As fears over the US fiscal cliff ease, more investors have turned upbeat on the global economy in the year ahead.
A Bank of America Merrill Lynch fund manager survey for December found that a net 40 per cent of investors believe the global economy will strengthen in 2013, up six percentage points from November and double October's reading two months ago.
The survey shows that the number of investors who see the US fiscal cliff - a combination of tax hikes and spending cuts set to take effect in January 2013 - as the biggest tail risk has fallen to 47 per cent, down from 54 per cent in November.
There have been signs of progress on averting the fiscal cliff in ongoing talks, as US President Barack Obama and Republican House Speaker John Boehner make concessions and appear to be moving closer to a comprehensive debt deal.

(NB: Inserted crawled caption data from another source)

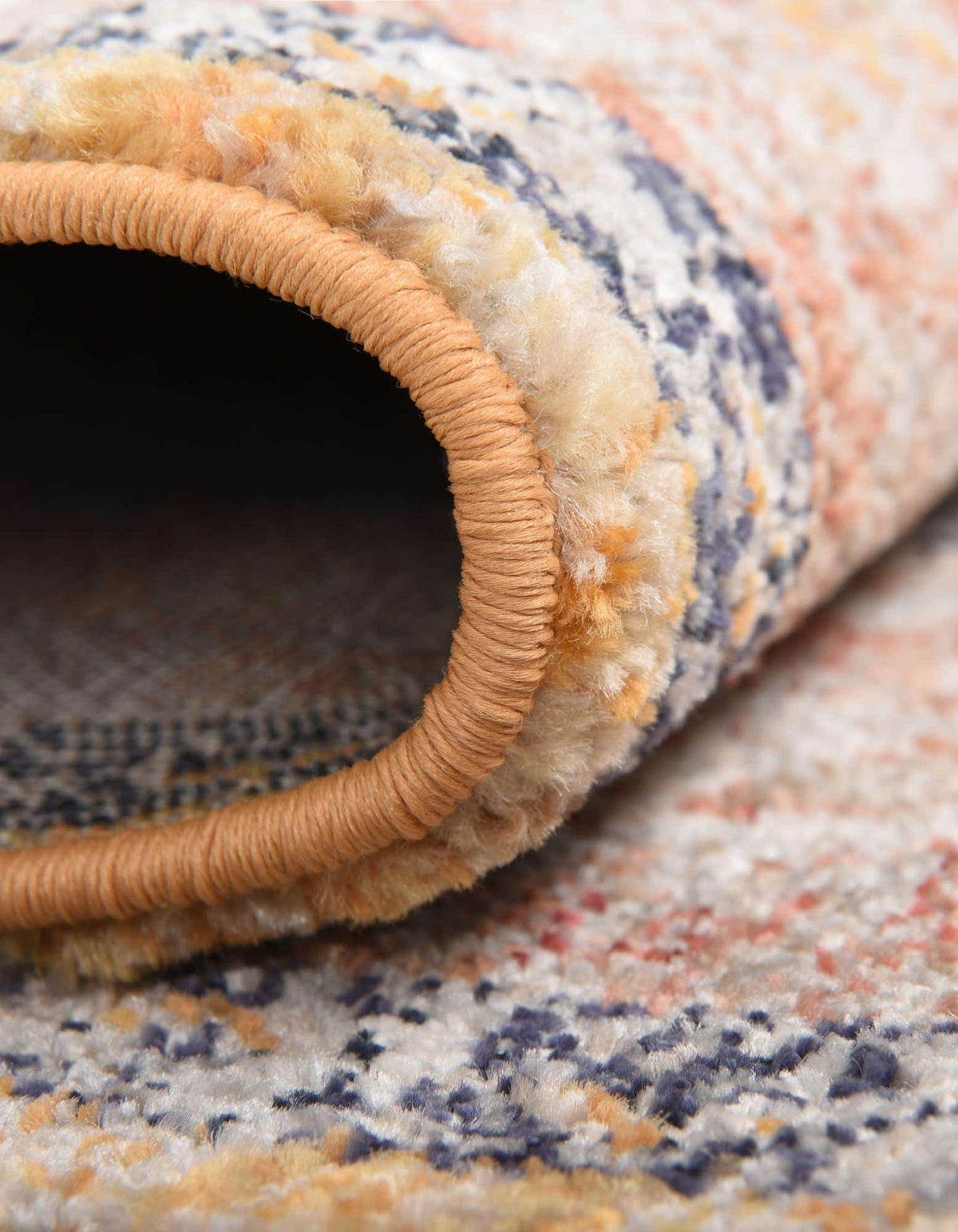 Achteck Teppich Lola in Gelb von Hadorn™ - Lifestyle Image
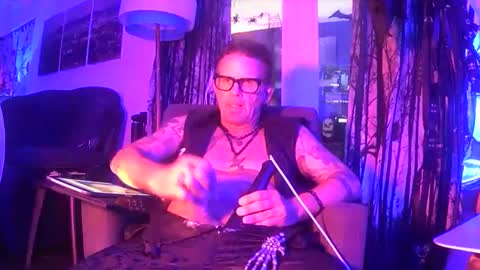 Snapshot of trent_pounder chatting on 09.24.25 Trent Pounder online show from 09.24.25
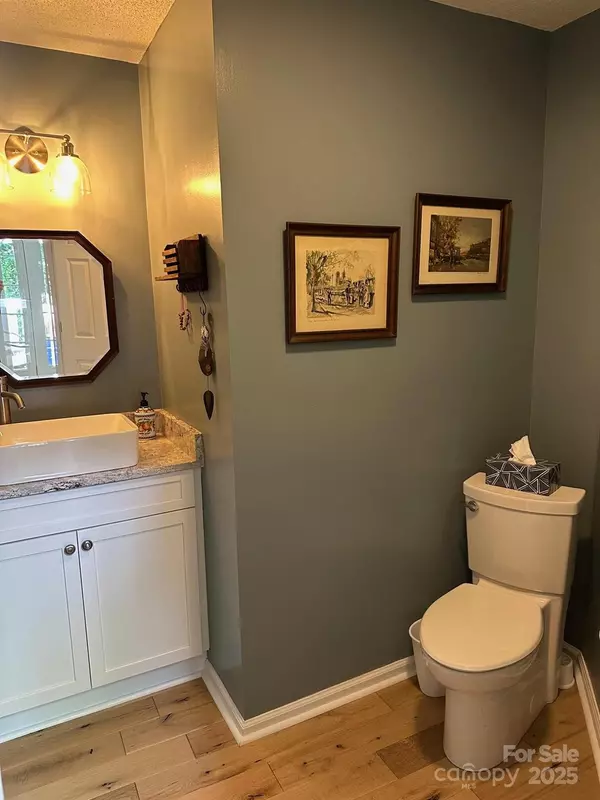 Hendersonville, NC 28739,29 Grist Mill DR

Nevertheless, the fiscal cliff remains the top worry for those polled for the survey.
Elsewhere, emerging markets have become the preferred region for investors, the survey shows.

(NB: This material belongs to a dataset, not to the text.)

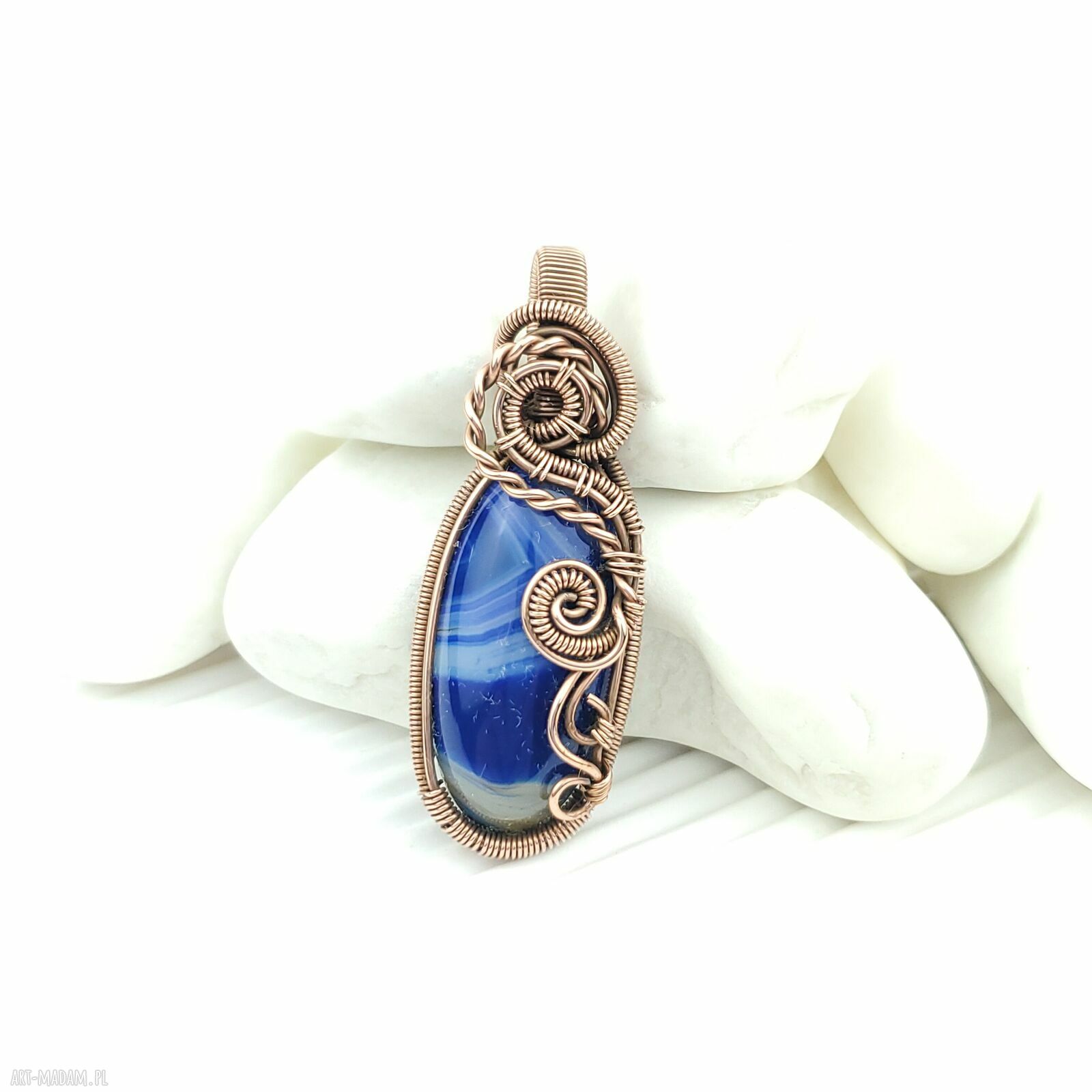 Wisiorek z niebieskim agatem w technice wire wrapping - miedziana oprawa oksydowana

Emerging market equity prices have jumped 16.3 per cent over the last year as risk appetite in these markets improves, thanks to decisive action from global policy makers and a re-acceleration in emerging markets growth.
A net 38 per cent of asset allocators are overweight on emerging market equities, double the level of September's survey.
Optimism on China's growth also hit the highest level recorded by this survey: a net 67 per cent of the regional survey respondents say the Chinese economy will strengthen in the coming year, up from 51 per cent in October.
"The bulls are back in China, while policy-makers elsewhere put bears onto the back foot. If the bulls are to claim a decisive victory, we need hard evidence that the economy is re-accelerating," Michael Hartnett, chief investment strategist at BofA Merrill Lynch Global Research, said.
Emerging market fund managers continued to add to their China exposure (net 46 per cent overweight), while Asia-Pacific investors once again raised their China allocations (net 32 per cent overweight) in December, as growth expectations for the region rise.
Of the emerging markets, investors favoured Turkey (net 69 per cent overweight) and Russia (net 54 per cent overweight) most, but notably reduced their Chile, Mexico, Korea and South Africa allocations to underweight positions.